**About this task:** Word for word, transcribe the lines from the one containing "6854 Jasmine Ave — Photo 2" through the end of the entries, both included, and nothing else.

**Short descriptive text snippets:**
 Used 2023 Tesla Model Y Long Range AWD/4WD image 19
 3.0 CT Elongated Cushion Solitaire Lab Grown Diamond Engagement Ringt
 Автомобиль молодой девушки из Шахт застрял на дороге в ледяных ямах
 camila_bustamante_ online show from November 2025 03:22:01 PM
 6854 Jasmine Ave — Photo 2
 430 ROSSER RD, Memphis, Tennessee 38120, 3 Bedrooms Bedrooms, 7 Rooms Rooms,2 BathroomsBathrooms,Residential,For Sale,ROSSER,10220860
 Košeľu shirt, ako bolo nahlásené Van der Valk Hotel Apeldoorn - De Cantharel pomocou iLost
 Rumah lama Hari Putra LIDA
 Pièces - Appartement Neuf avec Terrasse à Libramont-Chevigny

**Solution to the problem:**
 6854 Jasmine Ave — Photo 2
 430 ROSSER RD, Memphis, Tennessee 38120, 3 Bedrooms Bedrooms, 7 Rooms Rooms,2 BathroomsBathrooms,Residential,For Sale,ROSSER,10220860
 Košeľu shirt, ako bolo nahlásené Van der Valk Hotel Apeldoorn - De Cantharel pomocou iLost
 Rumah lama Hari Putra LIDA
 Pièces - Appartement Neuf avec Terrasse à Libramont-Chevigny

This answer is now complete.